In order to evaluate the performance of the SECs at quantifying crack openings, the relationship between crack growth and relative capacitance change was investigated. Three features were extracted from time series data to associate with crack length: (1) maximum relative change in capacitance, taken as the peak-to-peak amplitude in signal for each load step; (2) residual relative change in capacitance, taken as the difference between the maximum reading during a given load step and the capacitance left after unloading; and (3) average relative change in capacitance, taken as the average change in capacitance over a loading step. Figure 11 plots the maximum relative change in capacitance (green dotted line), residual relative change in capacitance (orange dashed line), average relative change in capacitance (gray line) against crack growth (black dots) from each loading step (L1 to L19) and SEC. The red dashed lines indicate the visible shear cracks initiation underneath the corresponding SECs. The crack length was measured as a straight line between the extremities of a crack, and normalized by the height of the web. An agreement is observed between the three features and crack growth.

Figure 12 illustrates a compilation of the normalized crack lengths and the feature “maximum relative change in capacitance” extracted from each loading step for all the SECs. It can be observed that the feature is generally consistent with the location of a crack and its normalized length. At small strain (low loadings), this relationship is harder to distinguish. A significant change in the feature is associated with a rapid growth of the shear crack and final fracture, shown as tall red bars at the two corners of Figure 12b (SEC $\#1$ and $\#18$). Both small and negative changes in the feature indicate that no crack formed.

4. Conclusions

This paper presented the study of a novel sensing skin for the detection, localization, and quantification of cracks in concrete. The sensing skin, constituted from an array of soft elastomeric capacitors (SECs), is an inexpensive, durable, and robust sensing solution that can be leveraged to measure strain over large surfaces. The strain measurement values are collected in the form of discrete point values among the network. The spatio–temporal comparison of strains enables the detection, localization, and quantification of cracks.

The sensing skin was first introduced and validation results preliminarily conducted on small-scale reinforced concrete beams were presented. Initial characterization of a free-standing SEC led to a gauge factor that was used to map electrical signal to strain and thus, cracks. Time series measurements from the SECs and visual observations from crack growth were in agreement. The sensing capability was further studied by deploying a sensor network of 20 SECs onto the surface of a full-scale post-tensioned concrete beam. A bending test with a loading and unloading sequence was conducted until structural failure, and data from the SECs and visual observation of cracks collected. Results demonstrated that data collected from the distributed SEC network correlated with crack-induced damage. The extraction of time series features, among which the maximum relative change in capacitance at each loading step, showed good agreement with the observed normalized crack length.
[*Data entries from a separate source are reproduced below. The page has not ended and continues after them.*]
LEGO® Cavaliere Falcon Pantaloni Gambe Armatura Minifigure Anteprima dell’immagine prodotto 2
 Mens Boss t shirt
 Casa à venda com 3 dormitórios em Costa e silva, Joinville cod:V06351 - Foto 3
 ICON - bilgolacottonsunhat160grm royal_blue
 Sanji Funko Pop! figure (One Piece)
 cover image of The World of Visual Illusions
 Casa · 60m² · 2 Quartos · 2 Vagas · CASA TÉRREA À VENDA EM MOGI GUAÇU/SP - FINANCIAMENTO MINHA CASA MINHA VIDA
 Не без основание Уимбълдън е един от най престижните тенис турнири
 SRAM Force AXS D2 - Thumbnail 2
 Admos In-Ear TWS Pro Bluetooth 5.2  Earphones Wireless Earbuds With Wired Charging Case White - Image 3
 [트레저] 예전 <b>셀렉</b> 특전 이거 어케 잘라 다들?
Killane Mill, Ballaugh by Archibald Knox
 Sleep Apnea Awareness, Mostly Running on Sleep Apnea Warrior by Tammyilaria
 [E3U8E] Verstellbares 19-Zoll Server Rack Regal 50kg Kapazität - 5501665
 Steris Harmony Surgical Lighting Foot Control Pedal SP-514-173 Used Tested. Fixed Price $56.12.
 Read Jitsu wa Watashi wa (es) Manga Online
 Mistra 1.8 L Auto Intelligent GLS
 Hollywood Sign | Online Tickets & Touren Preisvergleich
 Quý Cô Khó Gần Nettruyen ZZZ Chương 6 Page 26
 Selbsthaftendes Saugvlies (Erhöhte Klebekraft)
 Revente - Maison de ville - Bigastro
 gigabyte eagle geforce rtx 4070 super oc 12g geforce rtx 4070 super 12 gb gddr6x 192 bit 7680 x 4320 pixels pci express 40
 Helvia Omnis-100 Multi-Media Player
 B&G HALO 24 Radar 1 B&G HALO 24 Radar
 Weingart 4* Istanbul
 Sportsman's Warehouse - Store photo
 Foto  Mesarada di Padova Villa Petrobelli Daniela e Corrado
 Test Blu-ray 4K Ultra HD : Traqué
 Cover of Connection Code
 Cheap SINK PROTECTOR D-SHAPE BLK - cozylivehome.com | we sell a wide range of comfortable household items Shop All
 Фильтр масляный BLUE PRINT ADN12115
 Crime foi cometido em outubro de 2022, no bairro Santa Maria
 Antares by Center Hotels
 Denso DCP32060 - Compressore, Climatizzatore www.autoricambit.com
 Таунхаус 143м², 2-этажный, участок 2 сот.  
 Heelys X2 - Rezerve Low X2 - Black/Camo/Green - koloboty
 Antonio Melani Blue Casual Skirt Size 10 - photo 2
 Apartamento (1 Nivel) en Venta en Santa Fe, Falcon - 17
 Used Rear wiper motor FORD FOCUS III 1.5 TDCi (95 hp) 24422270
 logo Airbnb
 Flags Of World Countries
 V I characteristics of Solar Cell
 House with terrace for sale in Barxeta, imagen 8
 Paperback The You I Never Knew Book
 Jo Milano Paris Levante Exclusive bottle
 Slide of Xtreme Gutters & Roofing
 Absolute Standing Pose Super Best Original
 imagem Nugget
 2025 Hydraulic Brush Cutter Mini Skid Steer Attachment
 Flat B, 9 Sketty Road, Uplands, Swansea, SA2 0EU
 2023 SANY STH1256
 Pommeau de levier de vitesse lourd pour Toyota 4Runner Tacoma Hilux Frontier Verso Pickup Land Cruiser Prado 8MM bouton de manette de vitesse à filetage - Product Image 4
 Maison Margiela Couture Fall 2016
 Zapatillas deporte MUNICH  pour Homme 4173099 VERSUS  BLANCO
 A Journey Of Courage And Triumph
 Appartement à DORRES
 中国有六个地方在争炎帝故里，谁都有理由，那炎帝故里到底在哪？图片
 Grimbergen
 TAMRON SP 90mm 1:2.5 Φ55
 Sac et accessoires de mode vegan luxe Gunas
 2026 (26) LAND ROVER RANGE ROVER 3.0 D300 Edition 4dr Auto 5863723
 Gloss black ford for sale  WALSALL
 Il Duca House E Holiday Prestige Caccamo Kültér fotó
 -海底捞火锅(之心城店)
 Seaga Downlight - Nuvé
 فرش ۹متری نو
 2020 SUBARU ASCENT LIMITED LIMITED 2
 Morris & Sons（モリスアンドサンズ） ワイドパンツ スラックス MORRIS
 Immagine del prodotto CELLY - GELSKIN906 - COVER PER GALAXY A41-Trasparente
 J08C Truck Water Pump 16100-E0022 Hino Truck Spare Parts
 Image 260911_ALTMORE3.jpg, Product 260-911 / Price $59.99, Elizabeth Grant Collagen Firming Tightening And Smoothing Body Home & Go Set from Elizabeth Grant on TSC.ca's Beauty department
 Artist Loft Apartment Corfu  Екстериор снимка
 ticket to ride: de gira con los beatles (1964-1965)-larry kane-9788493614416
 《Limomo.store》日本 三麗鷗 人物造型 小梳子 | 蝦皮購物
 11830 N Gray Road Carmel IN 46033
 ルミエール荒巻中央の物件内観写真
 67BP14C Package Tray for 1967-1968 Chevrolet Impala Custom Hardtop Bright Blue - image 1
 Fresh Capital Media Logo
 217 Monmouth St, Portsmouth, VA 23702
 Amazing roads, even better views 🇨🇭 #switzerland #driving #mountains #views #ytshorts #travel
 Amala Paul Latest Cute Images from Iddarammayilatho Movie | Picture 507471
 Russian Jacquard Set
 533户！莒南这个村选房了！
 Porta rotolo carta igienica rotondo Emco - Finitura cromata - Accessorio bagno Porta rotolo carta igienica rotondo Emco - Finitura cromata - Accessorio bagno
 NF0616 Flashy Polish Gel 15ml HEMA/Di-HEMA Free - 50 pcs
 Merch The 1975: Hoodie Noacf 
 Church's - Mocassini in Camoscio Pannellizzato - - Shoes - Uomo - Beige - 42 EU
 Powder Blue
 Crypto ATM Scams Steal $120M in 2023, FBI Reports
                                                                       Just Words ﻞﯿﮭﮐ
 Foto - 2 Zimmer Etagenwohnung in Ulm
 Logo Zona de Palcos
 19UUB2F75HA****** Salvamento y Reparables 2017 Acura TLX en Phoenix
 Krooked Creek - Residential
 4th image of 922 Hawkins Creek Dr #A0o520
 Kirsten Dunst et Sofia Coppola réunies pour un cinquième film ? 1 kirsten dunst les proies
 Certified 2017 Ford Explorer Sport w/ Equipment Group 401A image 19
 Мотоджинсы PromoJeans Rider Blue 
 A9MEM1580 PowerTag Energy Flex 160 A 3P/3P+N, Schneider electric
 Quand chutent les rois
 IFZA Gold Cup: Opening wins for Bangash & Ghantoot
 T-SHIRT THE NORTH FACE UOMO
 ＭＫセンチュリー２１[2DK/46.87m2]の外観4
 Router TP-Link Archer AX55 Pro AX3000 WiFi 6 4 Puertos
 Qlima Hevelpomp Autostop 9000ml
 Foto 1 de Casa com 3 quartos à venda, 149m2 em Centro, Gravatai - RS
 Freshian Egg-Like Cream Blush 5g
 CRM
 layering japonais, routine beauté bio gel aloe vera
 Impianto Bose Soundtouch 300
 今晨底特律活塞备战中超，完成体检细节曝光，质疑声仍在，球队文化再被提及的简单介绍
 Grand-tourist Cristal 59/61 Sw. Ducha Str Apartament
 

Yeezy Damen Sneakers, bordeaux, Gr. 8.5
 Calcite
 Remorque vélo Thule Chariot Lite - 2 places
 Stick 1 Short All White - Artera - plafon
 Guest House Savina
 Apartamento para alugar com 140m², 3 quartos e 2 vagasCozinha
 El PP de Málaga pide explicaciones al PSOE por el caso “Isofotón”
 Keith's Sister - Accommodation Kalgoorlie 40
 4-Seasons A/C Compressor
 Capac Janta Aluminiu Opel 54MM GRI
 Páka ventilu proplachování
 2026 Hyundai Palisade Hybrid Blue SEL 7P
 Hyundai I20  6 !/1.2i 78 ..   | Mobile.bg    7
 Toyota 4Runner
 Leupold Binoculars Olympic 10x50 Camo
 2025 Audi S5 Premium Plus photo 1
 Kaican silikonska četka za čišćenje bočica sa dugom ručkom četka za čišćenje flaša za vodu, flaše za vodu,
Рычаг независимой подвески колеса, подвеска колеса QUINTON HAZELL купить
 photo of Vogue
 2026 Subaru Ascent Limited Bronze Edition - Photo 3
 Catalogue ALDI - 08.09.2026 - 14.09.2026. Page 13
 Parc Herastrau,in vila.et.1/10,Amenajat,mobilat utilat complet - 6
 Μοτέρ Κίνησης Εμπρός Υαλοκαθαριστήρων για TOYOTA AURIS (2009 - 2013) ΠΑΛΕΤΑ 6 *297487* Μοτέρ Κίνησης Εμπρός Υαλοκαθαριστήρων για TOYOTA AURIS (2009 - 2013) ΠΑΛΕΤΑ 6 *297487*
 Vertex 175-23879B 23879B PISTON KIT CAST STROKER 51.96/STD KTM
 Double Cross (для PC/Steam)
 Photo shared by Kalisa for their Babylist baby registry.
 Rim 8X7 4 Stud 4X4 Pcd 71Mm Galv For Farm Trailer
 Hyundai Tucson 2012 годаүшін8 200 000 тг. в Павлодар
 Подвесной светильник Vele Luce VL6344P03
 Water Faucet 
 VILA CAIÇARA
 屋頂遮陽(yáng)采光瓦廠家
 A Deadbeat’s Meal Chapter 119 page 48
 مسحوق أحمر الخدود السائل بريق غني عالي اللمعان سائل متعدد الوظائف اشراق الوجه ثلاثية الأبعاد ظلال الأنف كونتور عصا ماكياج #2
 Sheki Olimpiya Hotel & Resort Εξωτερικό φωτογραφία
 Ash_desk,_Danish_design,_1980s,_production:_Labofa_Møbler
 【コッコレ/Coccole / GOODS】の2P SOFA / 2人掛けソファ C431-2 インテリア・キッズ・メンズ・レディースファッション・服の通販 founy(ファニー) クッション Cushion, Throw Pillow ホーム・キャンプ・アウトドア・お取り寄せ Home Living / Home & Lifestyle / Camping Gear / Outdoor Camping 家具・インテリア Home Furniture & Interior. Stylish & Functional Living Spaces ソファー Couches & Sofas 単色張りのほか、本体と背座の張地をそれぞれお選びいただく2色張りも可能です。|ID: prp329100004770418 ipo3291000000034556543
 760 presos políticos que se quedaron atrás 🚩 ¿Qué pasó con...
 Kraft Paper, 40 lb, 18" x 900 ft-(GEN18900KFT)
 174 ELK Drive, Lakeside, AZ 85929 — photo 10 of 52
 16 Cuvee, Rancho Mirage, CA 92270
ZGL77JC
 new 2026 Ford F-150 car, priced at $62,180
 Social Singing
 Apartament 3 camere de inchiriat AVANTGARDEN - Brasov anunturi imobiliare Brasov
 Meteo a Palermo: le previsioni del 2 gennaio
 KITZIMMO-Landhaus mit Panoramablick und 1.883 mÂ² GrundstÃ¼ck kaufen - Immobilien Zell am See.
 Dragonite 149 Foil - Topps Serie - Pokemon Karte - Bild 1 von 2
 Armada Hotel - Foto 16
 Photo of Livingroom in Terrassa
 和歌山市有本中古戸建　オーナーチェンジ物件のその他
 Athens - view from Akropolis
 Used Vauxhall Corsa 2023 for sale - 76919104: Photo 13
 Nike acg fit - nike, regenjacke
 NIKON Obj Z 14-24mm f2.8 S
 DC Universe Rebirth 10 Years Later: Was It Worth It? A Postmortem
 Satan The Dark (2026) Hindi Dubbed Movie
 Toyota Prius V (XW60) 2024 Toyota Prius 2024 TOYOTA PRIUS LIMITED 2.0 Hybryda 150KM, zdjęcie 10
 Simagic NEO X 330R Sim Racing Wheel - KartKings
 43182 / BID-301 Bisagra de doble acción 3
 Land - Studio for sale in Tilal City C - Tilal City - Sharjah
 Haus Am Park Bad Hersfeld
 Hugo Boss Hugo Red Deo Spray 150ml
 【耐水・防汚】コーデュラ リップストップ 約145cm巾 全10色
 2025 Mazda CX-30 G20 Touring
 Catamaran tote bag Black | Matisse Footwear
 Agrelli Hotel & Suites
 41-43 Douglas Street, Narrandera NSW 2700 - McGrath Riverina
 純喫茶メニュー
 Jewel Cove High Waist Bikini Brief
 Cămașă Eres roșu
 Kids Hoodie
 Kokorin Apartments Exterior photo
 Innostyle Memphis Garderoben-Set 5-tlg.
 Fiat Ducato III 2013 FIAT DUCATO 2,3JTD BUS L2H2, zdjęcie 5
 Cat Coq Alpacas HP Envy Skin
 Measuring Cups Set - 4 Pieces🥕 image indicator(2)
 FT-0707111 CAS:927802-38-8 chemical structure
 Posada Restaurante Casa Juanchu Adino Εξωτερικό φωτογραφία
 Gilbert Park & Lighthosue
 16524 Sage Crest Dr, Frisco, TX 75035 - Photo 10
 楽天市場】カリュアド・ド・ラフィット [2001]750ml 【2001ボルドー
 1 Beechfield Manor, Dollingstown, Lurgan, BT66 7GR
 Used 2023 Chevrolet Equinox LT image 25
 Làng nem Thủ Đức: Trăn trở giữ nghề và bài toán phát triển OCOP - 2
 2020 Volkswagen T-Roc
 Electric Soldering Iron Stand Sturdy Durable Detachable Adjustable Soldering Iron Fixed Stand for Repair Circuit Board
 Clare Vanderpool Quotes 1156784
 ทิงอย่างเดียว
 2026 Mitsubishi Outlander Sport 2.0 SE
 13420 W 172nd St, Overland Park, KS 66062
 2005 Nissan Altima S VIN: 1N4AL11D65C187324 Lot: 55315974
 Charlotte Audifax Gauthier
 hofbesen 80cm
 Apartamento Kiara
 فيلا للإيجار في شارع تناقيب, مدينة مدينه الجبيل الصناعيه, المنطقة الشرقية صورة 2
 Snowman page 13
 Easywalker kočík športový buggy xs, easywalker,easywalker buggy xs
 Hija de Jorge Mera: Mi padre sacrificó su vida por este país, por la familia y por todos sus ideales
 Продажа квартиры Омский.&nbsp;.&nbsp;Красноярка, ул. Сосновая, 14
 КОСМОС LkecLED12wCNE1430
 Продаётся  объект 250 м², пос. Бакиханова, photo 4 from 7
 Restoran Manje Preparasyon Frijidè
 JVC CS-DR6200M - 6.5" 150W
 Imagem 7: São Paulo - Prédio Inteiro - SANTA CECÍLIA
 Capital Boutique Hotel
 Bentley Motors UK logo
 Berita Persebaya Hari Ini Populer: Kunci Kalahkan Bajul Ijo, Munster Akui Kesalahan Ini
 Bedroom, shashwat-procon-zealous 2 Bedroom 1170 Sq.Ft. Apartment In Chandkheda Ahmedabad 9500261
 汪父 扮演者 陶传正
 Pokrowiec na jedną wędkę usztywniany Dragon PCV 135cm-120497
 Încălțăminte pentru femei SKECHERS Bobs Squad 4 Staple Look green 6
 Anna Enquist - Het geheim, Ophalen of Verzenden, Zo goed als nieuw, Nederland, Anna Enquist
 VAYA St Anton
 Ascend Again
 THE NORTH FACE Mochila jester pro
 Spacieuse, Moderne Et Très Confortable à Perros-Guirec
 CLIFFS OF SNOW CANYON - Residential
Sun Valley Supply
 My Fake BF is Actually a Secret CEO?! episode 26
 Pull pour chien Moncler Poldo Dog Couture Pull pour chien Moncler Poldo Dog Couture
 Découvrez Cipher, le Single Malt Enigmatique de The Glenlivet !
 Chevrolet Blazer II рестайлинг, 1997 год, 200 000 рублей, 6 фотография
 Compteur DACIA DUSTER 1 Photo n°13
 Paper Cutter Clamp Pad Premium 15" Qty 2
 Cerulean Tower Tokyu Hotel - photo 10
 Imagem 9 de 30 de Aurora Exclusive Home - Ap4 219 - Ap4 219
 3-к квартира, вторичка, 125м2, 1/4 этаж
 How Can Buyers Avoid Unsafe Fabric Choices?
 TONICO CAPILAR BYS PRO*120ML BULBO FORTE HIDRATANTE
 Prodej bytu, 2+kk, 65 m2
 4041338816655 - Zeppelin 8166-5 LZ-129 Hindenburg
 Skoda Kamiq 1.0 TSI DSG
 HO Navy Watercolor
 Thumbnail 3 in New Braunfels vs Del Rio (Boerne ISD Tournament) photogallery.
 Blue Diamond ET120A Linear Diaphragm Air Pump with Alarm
Overall, the SEC network showed capable of detecting, localizing, and quantifying cracks in concrete. The application of dense networks of SECs could provide a cost-effective monitoring solution for real-time, long-term crack monitoring on civil structures. Future research will include the influence of the gauge length on the accuracy of SEC’s final configuration, bonding sensitivity between the concrete and sensing materials, optimal dense sensor network design for multi-crack detection, and crack initialization characterization algorithms.